§ **PROBLEM TO SOLVE**: Write the entries below out again exactly; any picture in them stays out.

§ **EXERCISE DATA**:

--- START ---

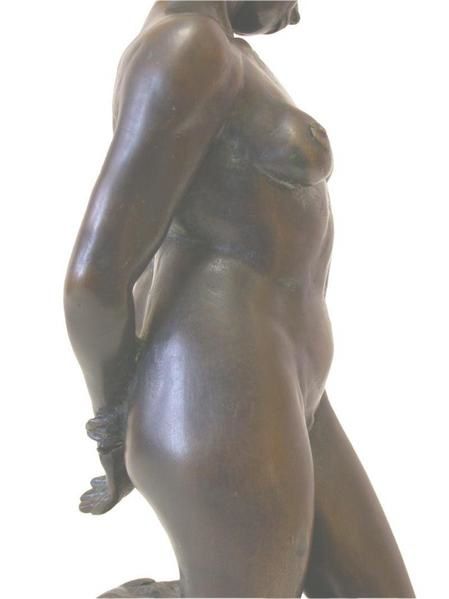 Le bronze '' Vénus Brute '' nu féminin sculpté, patiné à l'ancienne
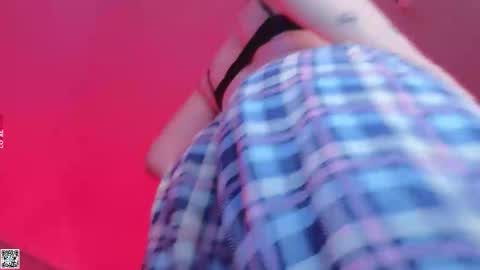 Lola online show from October 2025 06:13:02 AM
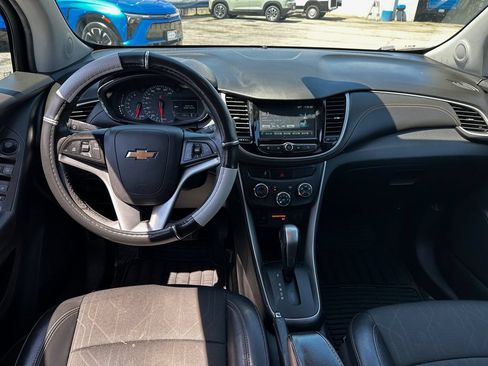 Used 2017 Chevrolet Trax LT w/ LT Convenience Package FWD image 5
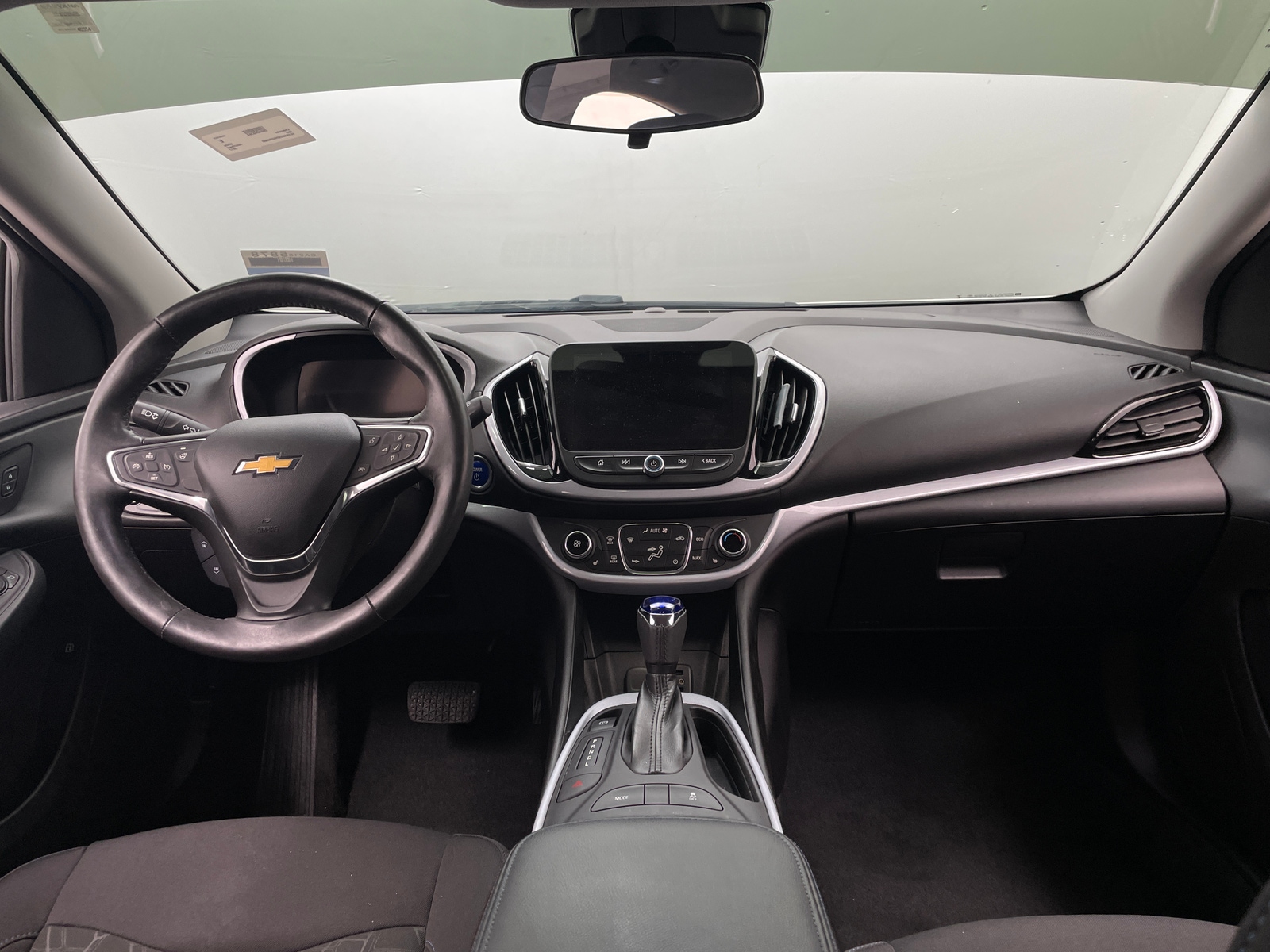 Thumbnail: 2017 Chevrolet Volt - 3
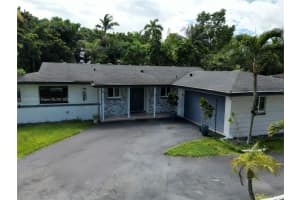 10220 Sw 160th St 10220, Miami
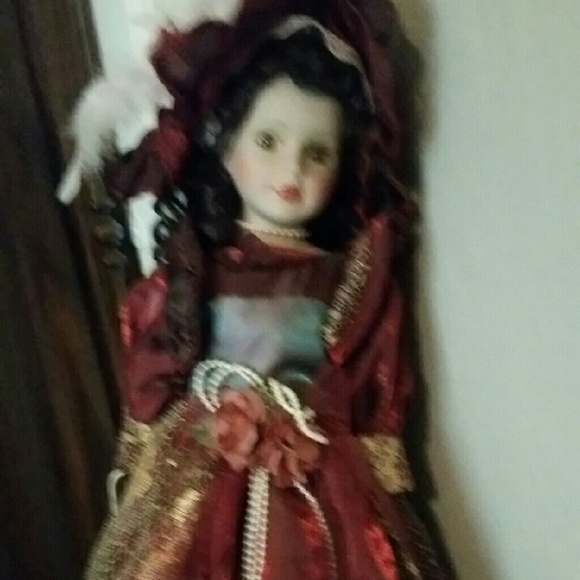 Porcelain doll - Picture 1 of 1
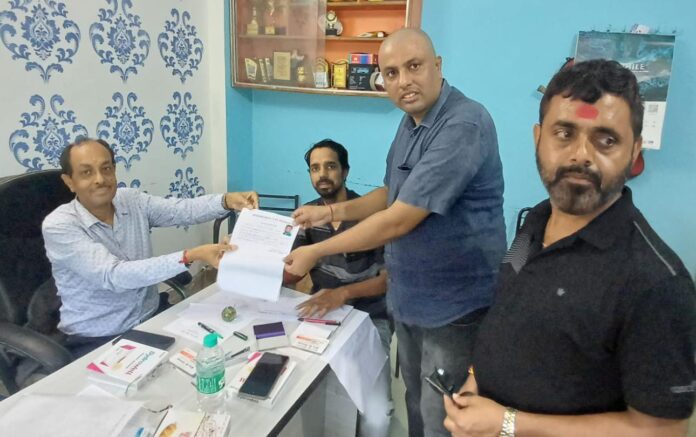 देवघर प्रेस क्लब चुनाव: दूसरे दिन विभिन्न पदों के लिए 29 दावेदारों ने दाखिल किया पर्चा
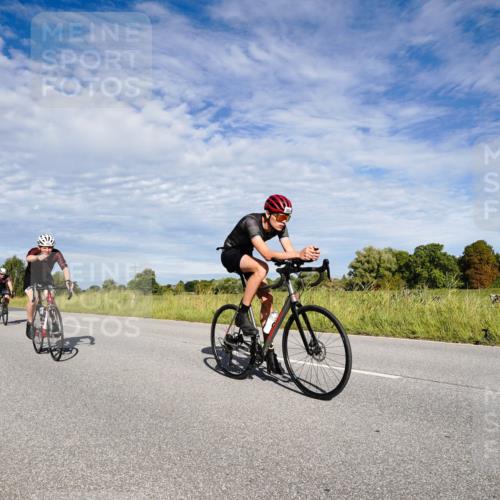 31.08.2025 - Elbe Triathlon Hamburg Michael Burmester http://msf.ph/oto/8663132 31.08.2025 09:33:02 Radfahren 184, 381, 495, 502 meine-sportfotos.de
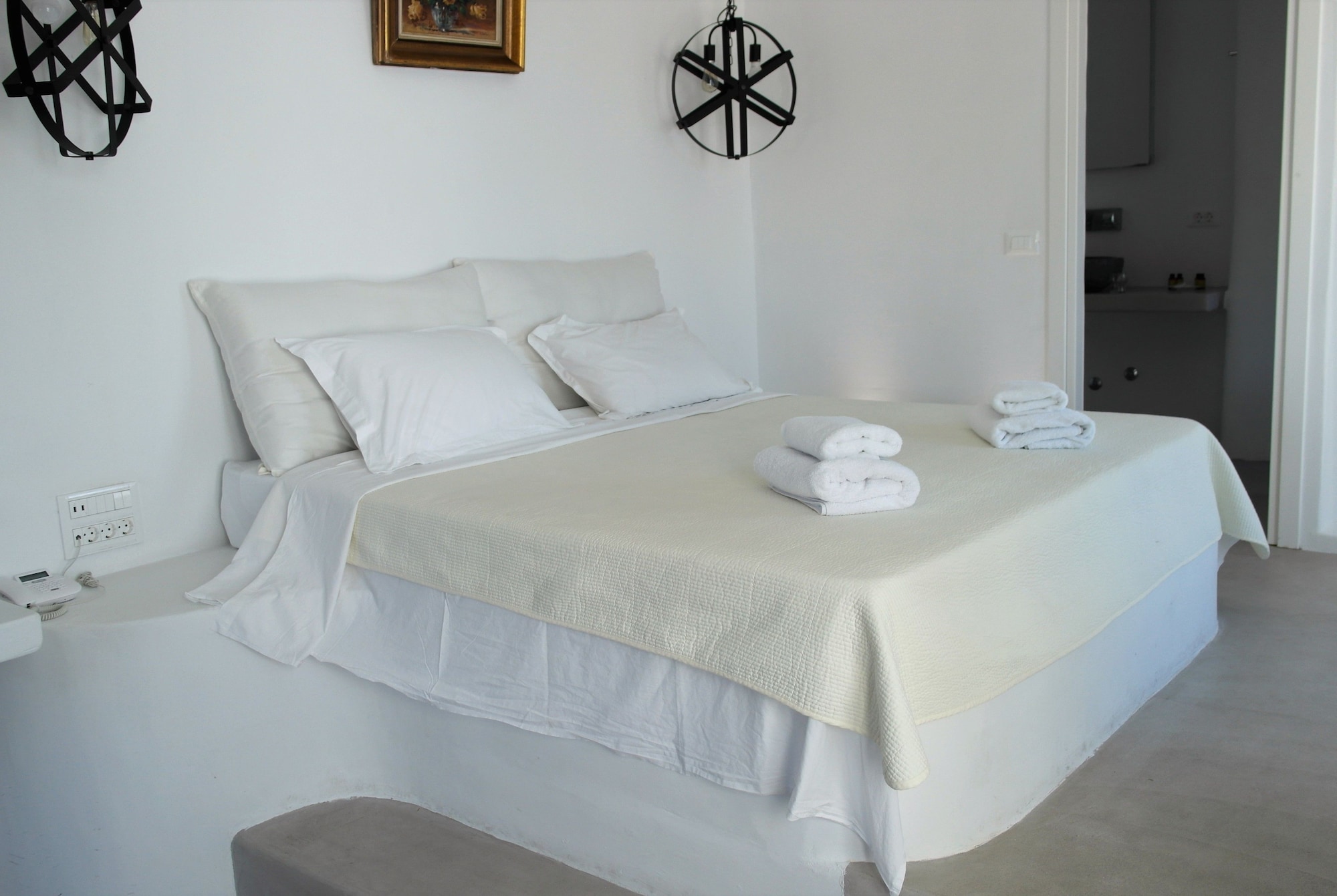 SUPERIOR, MULTIPLE BEDS, SEA VIEW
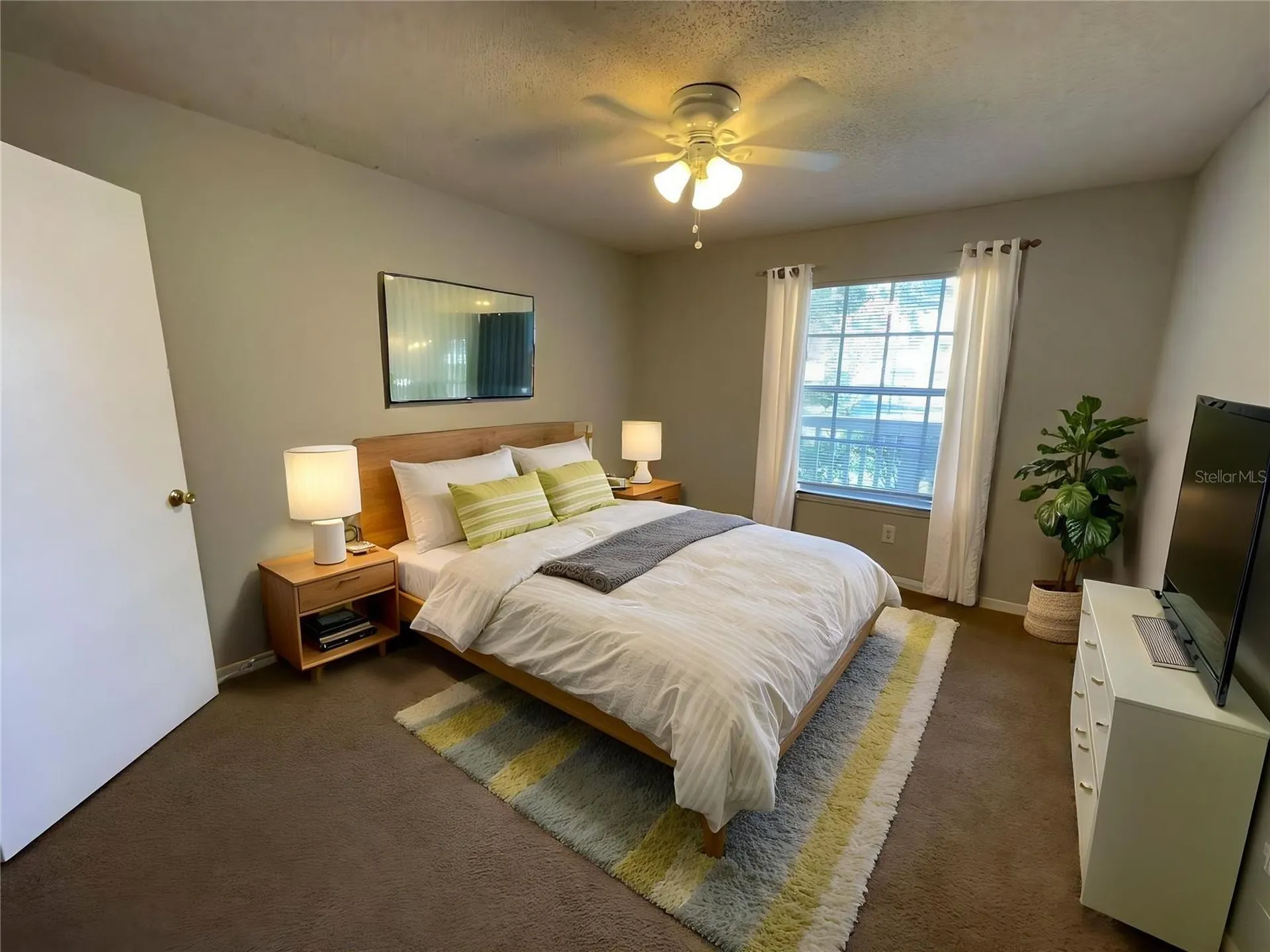 1063 S Hiawassee Road Orlando FL 32835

--- END ---

§ **EXERCISE RESULT**:
 Le bronze '' Vénus Brute '' nu féminin sculpté, patiné à l'ancienne
 Lola online show from October 2025 06:13:02 AM
 Used 2017 Chevrolet Trax LT w/ LT Convenience Package FWD image 5
 Thumbnail: 2017 Chevrolet Volt - 3
 10220 Sw 160th St 10220, Miami
 Porcelain doll - Picture 1 of 1
 देवघर प्रेस क्लब चुनाव: दूसरे दिन विभिन्न पदों के लिए 29 दावेदारों ने दाखिल किया पर्चा
 31.08.2025 - Elbe Triathlon Hamburg Michael Burmester http://msf.ph/oto/8663132 31.08.2025 09:33:02 Radfahren 184, 381, 495, 502 meine-sportfotos.de
 SUPERIOR, MULTIPLE BEDS, SEA VIEW
 1063 S Hiawassee Road Orlando FL 32835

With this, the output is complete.